Back in the 1970's there _was_ no proprietary software market to speak
of. Why? Because the unit volumes on the machines were too low to
support any companies. (Micro-soft was one of the first, and they were a
shoestring operation with three employees, one of which was part time and
one of which had a day job at HP. The _very_ first might have been
Digital Research, which was a one-man operation Gary Kildall ran out of
his living room to make and sell CP/M for the very first commodity
hardware platform, the S/100 Altair clones.)
In order to sell shrink-wrapped binary software, you need lots of the
same machine out in the wild to be potential customers. The PDP-8 was
the bestselling machine each year from its introduction until it lost the
title to the Apple II. In its ENTIRE PRODUCTION RUN the PDP-8 sold a
grand total of about 50,000 machines. That wasn't per-year, that was
total, ever.
http://www.faqs.org/faqs/dec-faq/pdp8/
In its first two years, the Apple II sold a combined total of 43,000
units (The Innovator's Dillema, page 135). When IBM introduced the PC as
an "Apple kiler" it planned to manufacture 250,000 units. That was going
to be the complete production run. It got that many _preorders_.
(Although the commodore 64 had significant unit volume during this period
as well, since they were going for the low margin high volume niche sold
retail through outlets like Sears.)
The first "killer app" was Visicalc for the Apple II, written in 1979.
This was the first shrinkwrapped binary software to sell on floppy disk
in any significant volume (say more than 50,000 copies).

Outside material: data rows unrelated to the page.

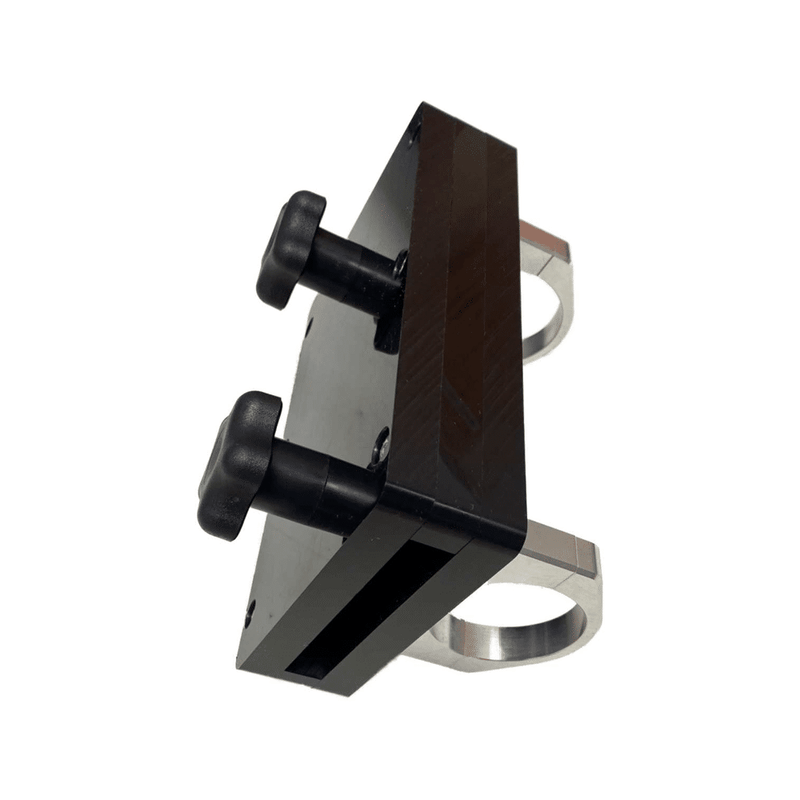 AJK Offroad UTV Chainsaw Roll Cage Mount - Rugged Terrain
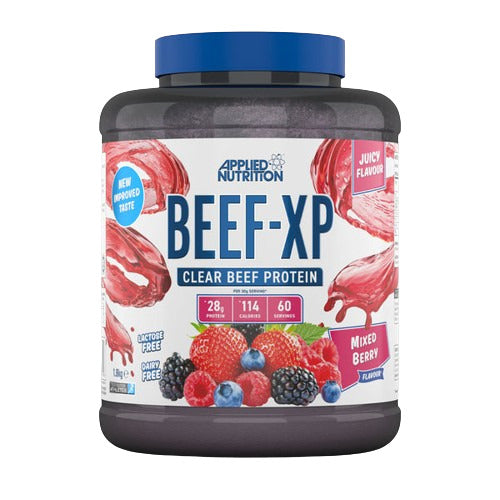 Beef-XP, Mixed Berry - 1800g - Mixed Berry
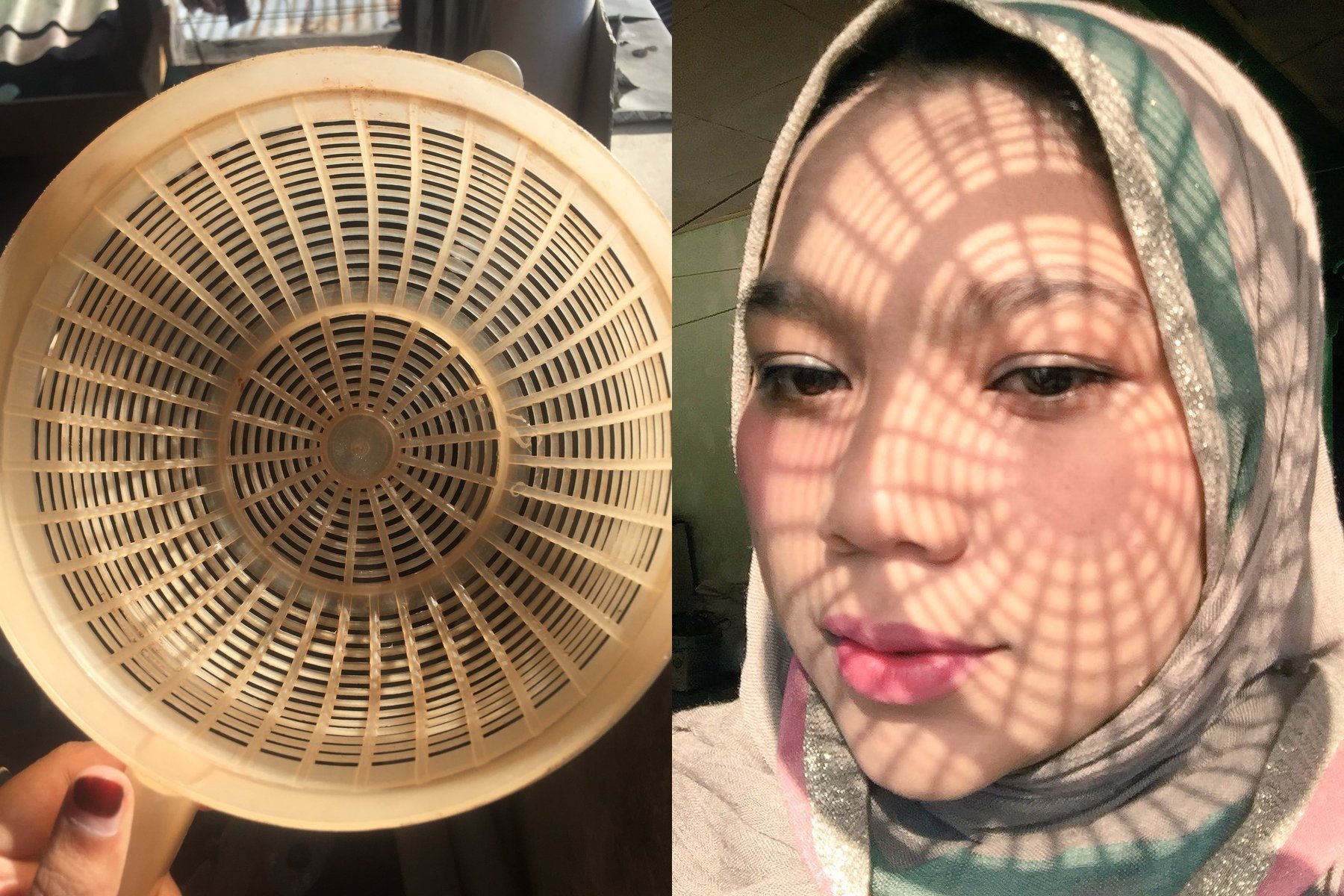 Kreatif bin Kocak, 11 Foto Selfie Pakai Peralatan Dapur ini Hasilnya Ciamik! Tertarik untuk Mencoba?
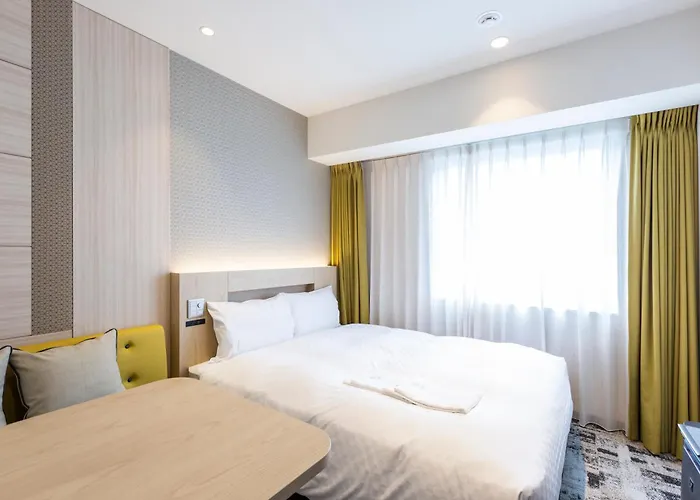 3 SterneHotel Via Inn Prime Nihonbashi Ningyocho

The proprietary software industry emerged around 1980 because there were
now enough of the same machine out there to make selling shrink-wrapped
binary software a commercially viable option. Before that, the
proprietary software industry DIDN'T EXIST. You either had software
commissioned (hideously expensive), it came bundled with the hardware
(most OSes), or it was users exchanging programs they wrote. This was
NORMAL. The unusual thing about Unix wasn't that users traded changes to
it but that the OS was written in a high level language rather than
assembly. This meant it wasn't tied to a single piece of hardware the
way Stallman's precious ITS was (which died with the PDP-10, forcing him
to start over from scratch, and this time he picked something portable
and with an existing user community that was ALREADY used to patching the
source code of their OS, ala the Lions book). AT&T didn't try to
commercialize Unix until 1983, by which time it was about as old as Linux
is now.
In this context, the founding of the Free Software Foundation in 1983 was
the creation of a conservative reactionary movement to preserve a
vanishing status quo, aimed at resisting changes in the industry and
advocating a return to the glorious past. It's no accident that the 1984
book "Hackers" by Steven Levy writes about Stallman as "the last of the
hackers".
I repeat that the GPLv2 was great. It took several iterations to get it
right (the revised emacs license, gplv1, and then gplv2). But the GNU
project failed. Deal with it. Linux is the result of others acting
independently. (Linus was inspired by Andrew Tanenbaum's Minix which had
NOTHING to do with the GNU project.) Draping a GNU flag over Linux is
SILLY, if gcc hadn't been available Linus would have used the minix
compiler until he could write his own. (He DID write the front end of a
compiler a few years ago, for fun: it's called "sparse".) The Linux guys
maintained their own C library (up through libc5) before switching to
Ulrich Drepper's glibc fork (which was an independent fork and see
Ulrich's comments linked above for the backstory on that).
Linux is NOT a reincarnation of the GNU project. When the GNU project
died Linux salvaged some parts from the scrap, that's all.